● **Problem details**
Write back every entry exactly as it reads, with the pictures left behind.

Saved data entries
------------------------------------------------------------

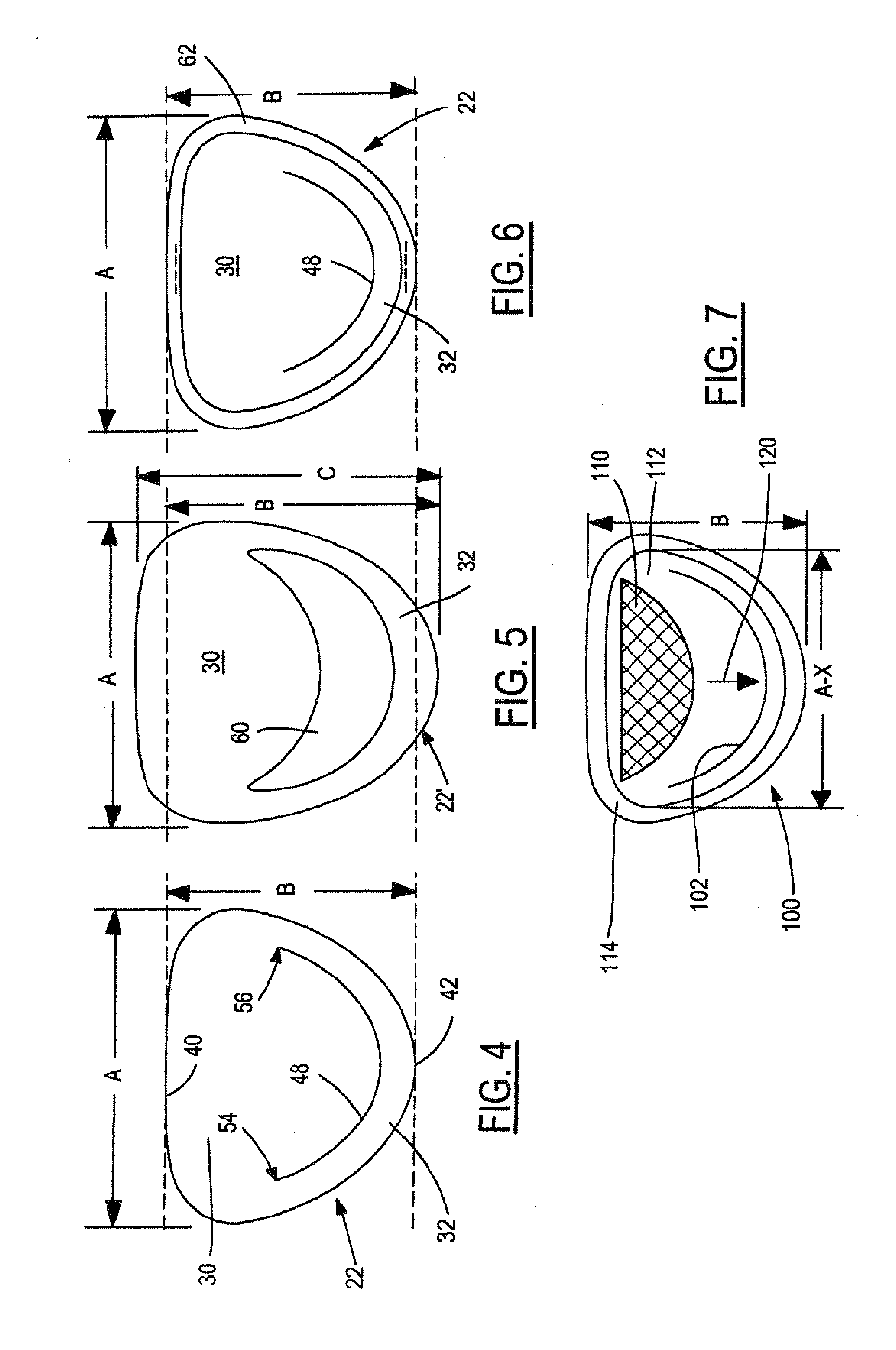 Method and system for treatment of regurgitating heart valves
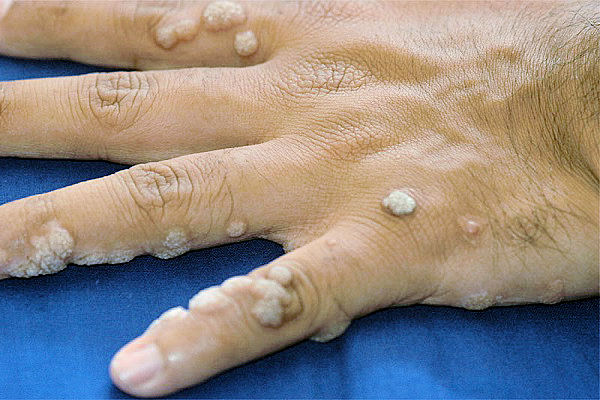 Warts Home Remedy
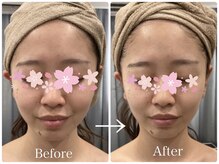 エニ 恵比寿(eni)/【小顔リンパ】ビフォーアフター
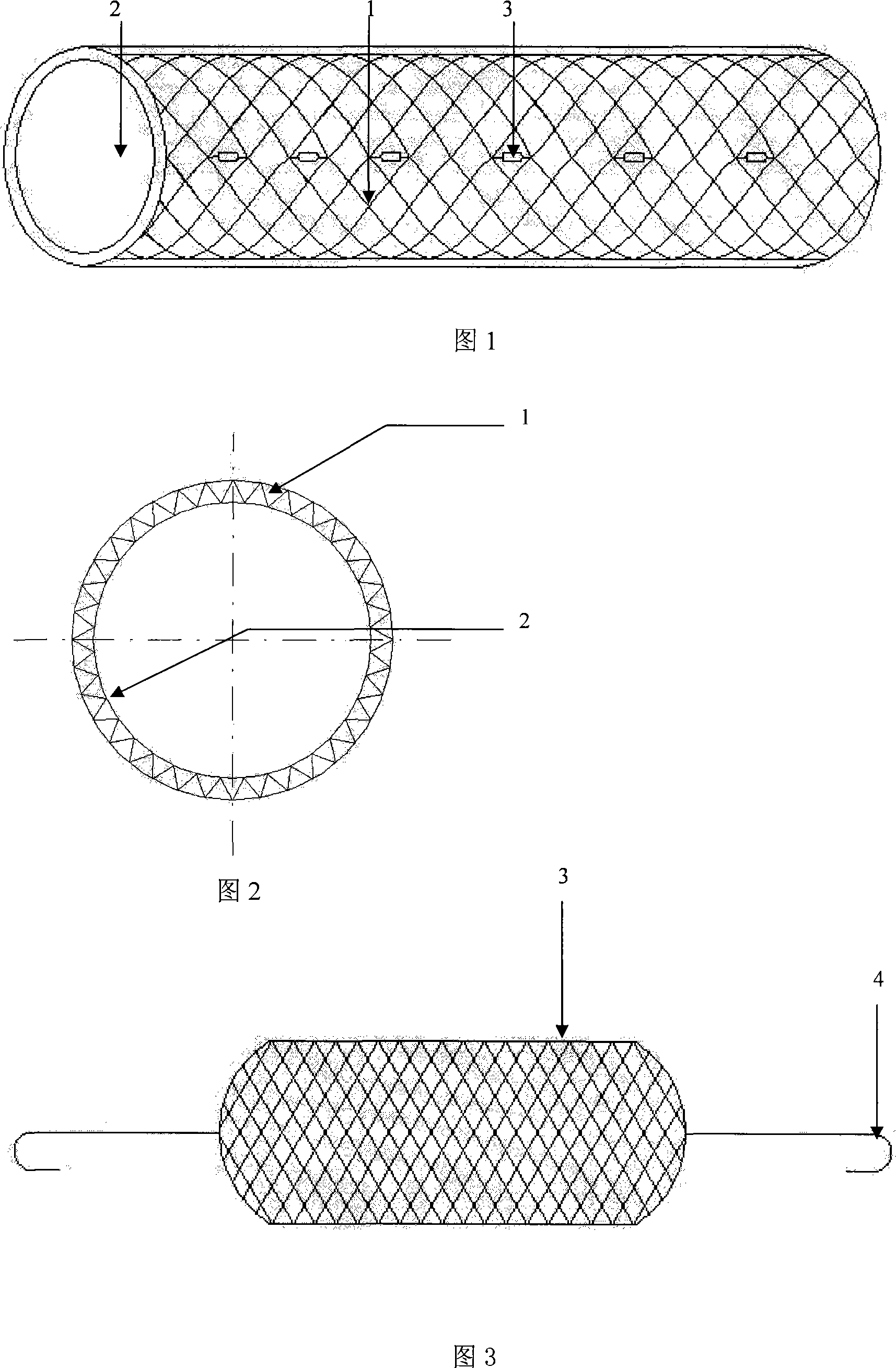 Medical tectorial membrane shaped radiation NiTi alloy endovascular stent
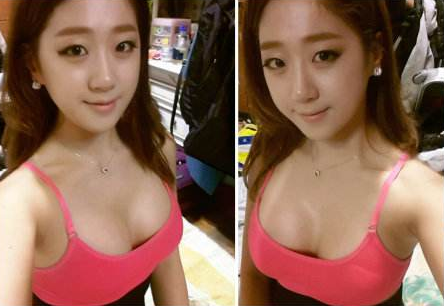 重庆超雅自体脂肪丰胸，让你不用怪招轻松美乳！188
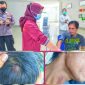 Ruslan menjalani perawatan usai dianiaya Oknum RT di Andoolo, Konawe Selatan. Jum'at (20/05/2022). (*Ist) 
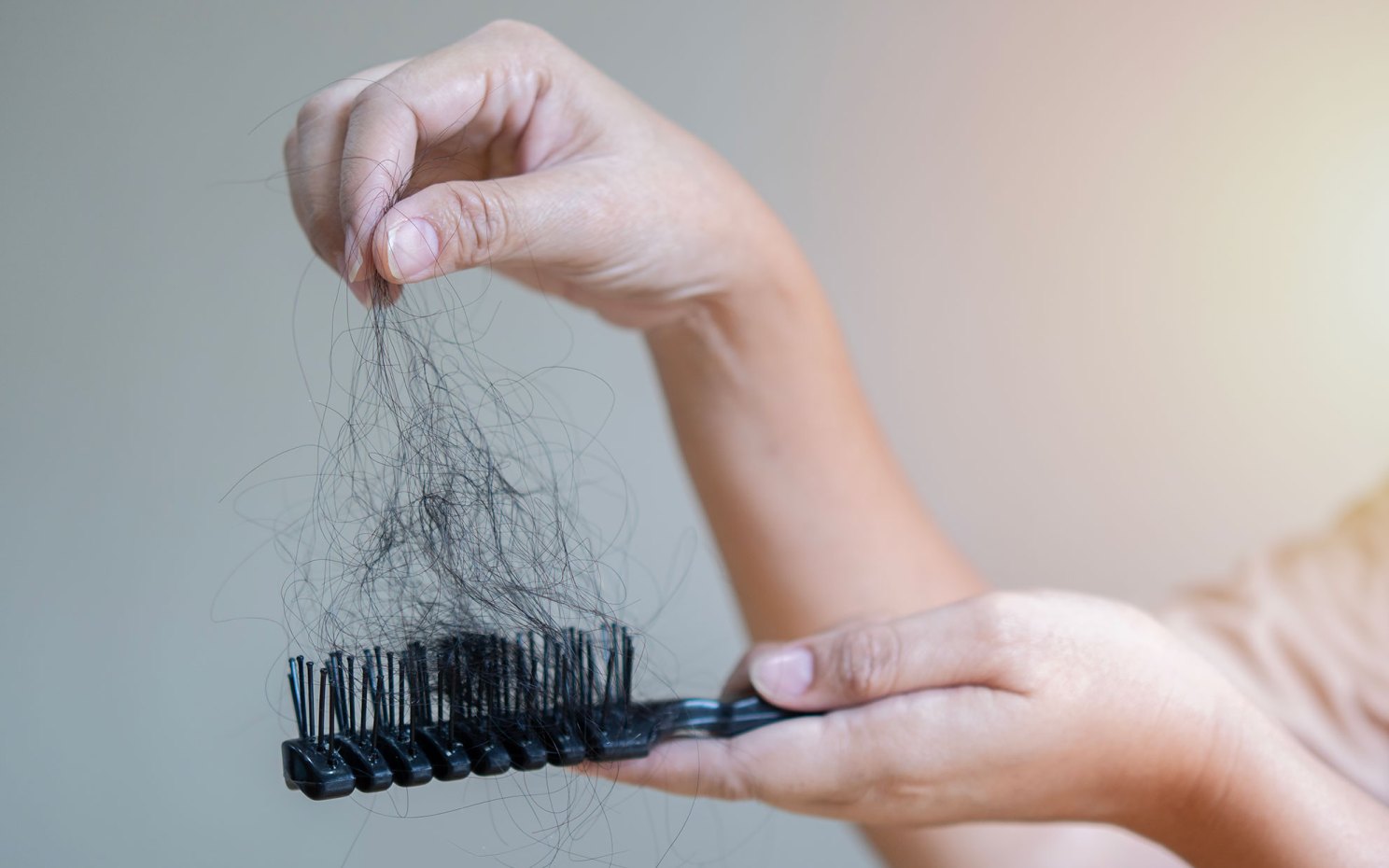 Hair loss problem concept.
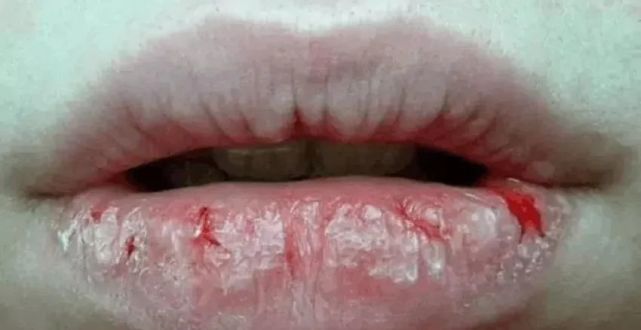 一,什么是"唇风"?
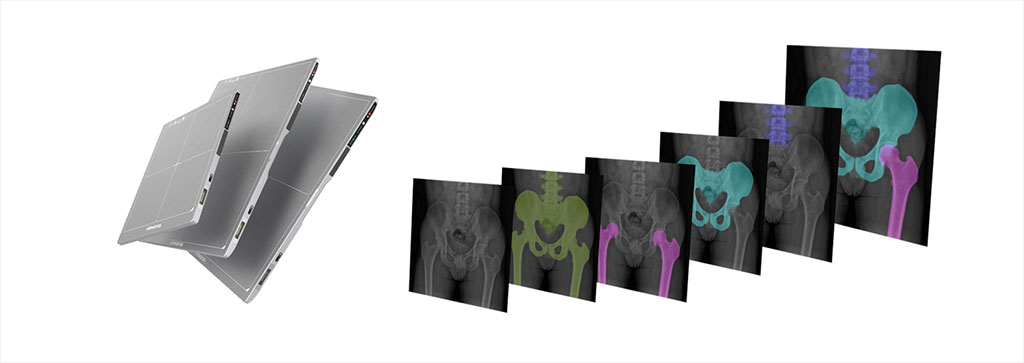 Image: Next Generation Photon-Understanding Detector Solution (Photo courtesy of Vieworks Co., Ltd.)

------------------------------------------------------------

● **Expected answer**
 Method and system for treatment of regurgitating heart valves
 Warts Home Remedy
 エニ 恵比寿(eni)/【小顔リンパ】ビフォーアフター
 Medical tectorial membrane shaped radiation NiTi alloy endovascular stent
 重庆超雅自体脂肪丰胸，让你不用怪招轻松美乳！188
 Ruslan menjalani perawatan usai dianiaya Oknum RT di Andoolo, Konawe Selatan. Jum'at (20/05/2022). (*Ist) 
 Hair loss problem concept.
 一,什么是"唇风"?
 Image: Next Generation Photon-Understanding Detector Solution (Photo courtesy of Vieworks Co., Ltd.)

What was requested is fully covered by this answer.